• _Exercise requirements_:
From the line that holds "Two factory workers" to the end of the records, reproduce every line exactly. No pictures.

━━━ Task input ━━━

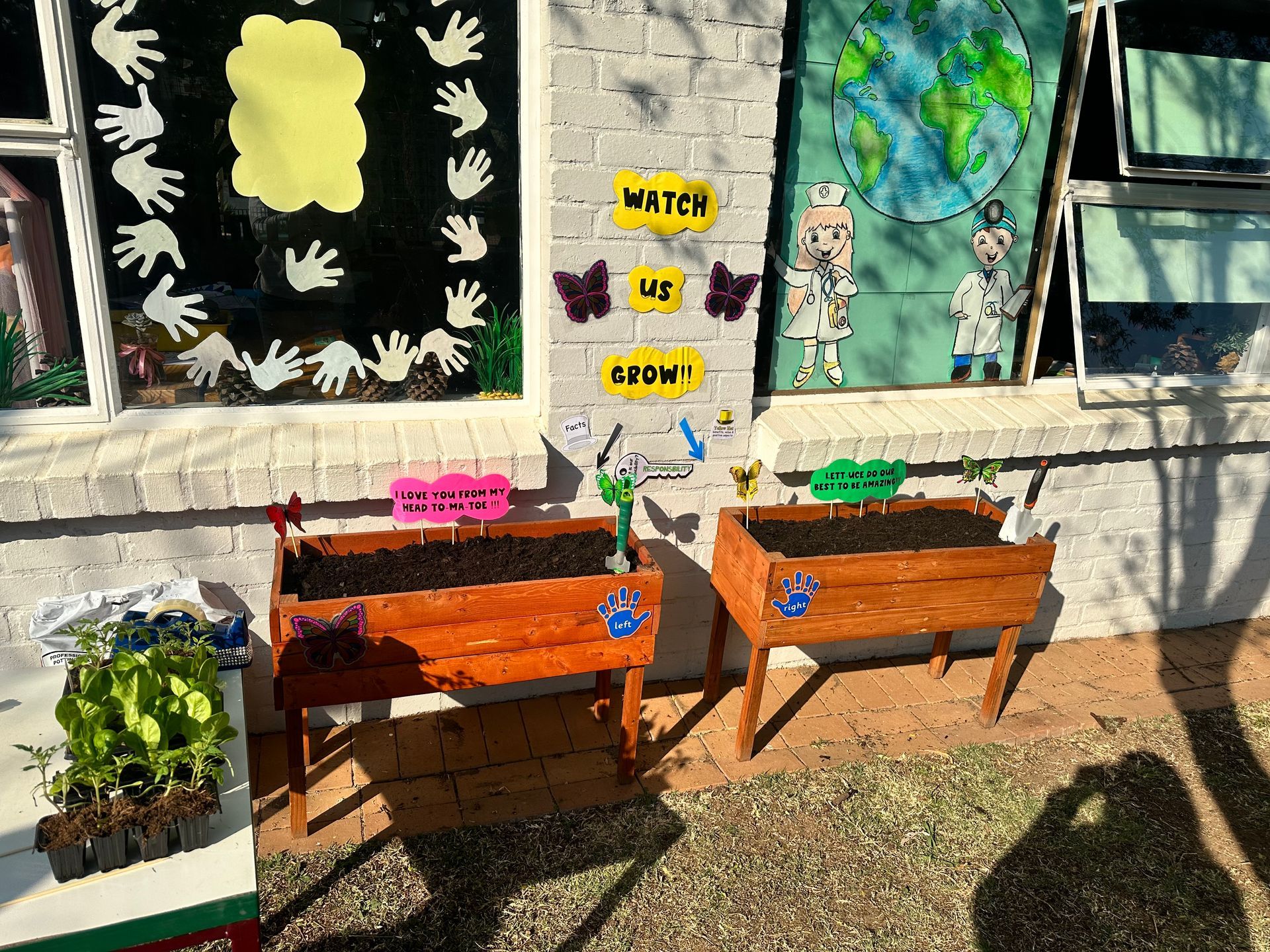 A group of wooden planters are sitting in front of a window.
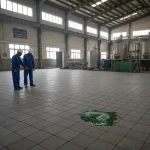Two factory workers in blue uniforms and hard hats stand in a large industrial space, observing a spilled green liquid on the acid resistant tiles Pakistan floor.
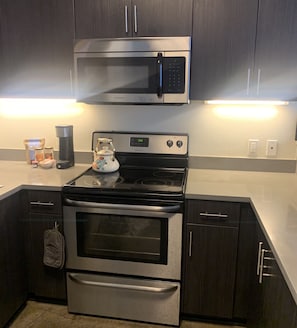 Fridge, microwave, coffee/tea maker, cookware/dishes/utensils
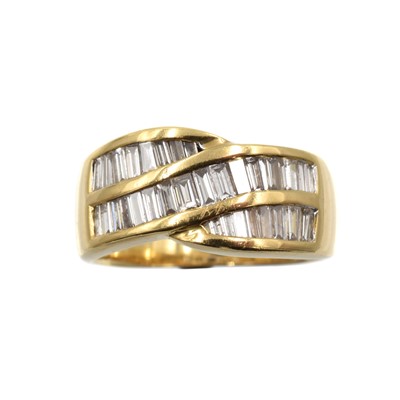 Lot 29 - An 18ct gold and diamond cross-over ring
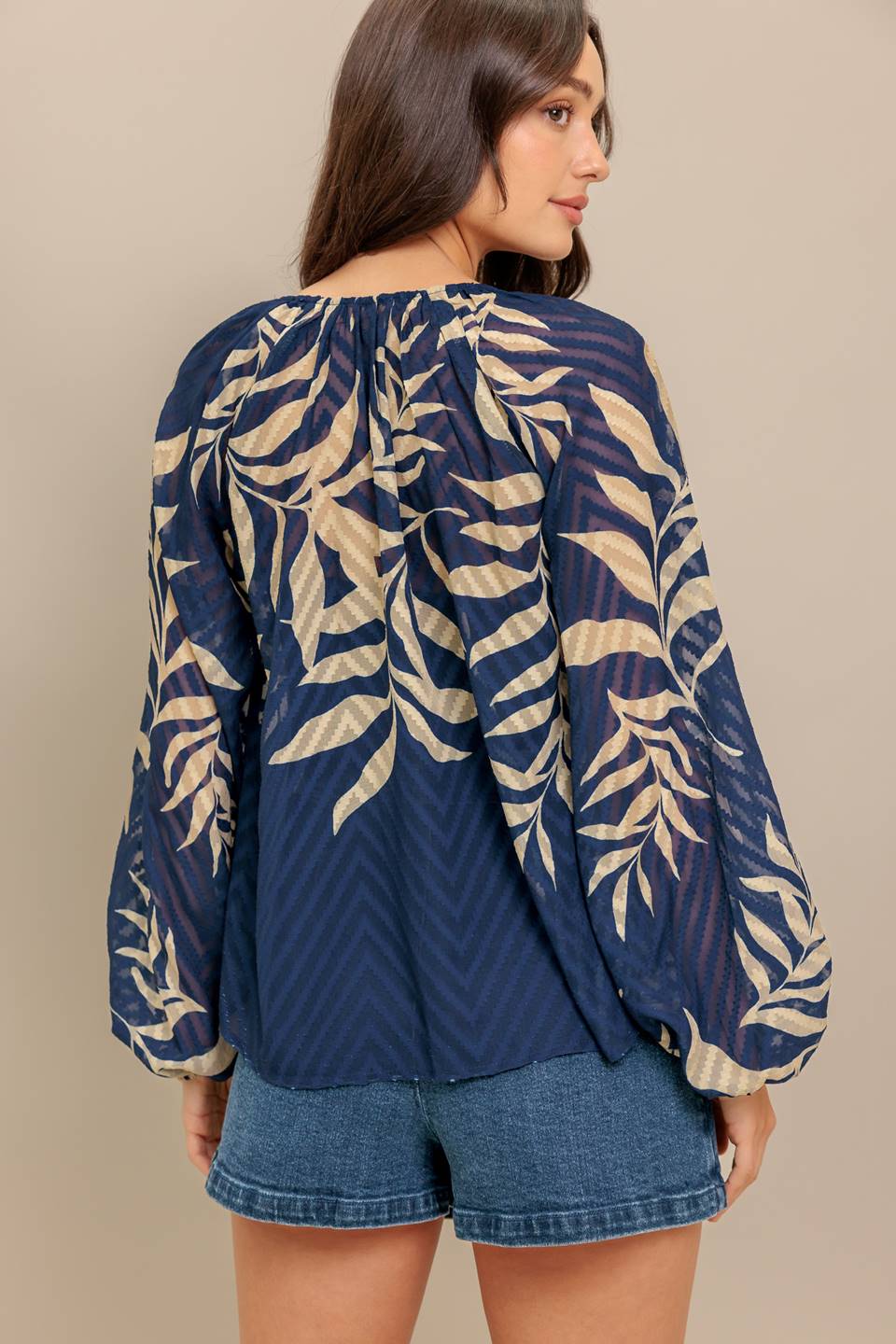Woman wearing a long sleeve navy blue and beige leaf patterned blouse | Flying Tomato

━━━

• _Worked solution_:
Two factory workers in blue uniforms and hard hats stand in a large industrial space, observing a spilled green liquid on the acid resistant tiles Pakistan floor.
 Fridge, microwave, coffee/tea maker, cookware/dishes/utensils
 Lot 29 - An 18ct gold and diamond cross-over ring
Woman wearing a long sleeve navy blue and beige leaf patterned blouse | Flying Tomato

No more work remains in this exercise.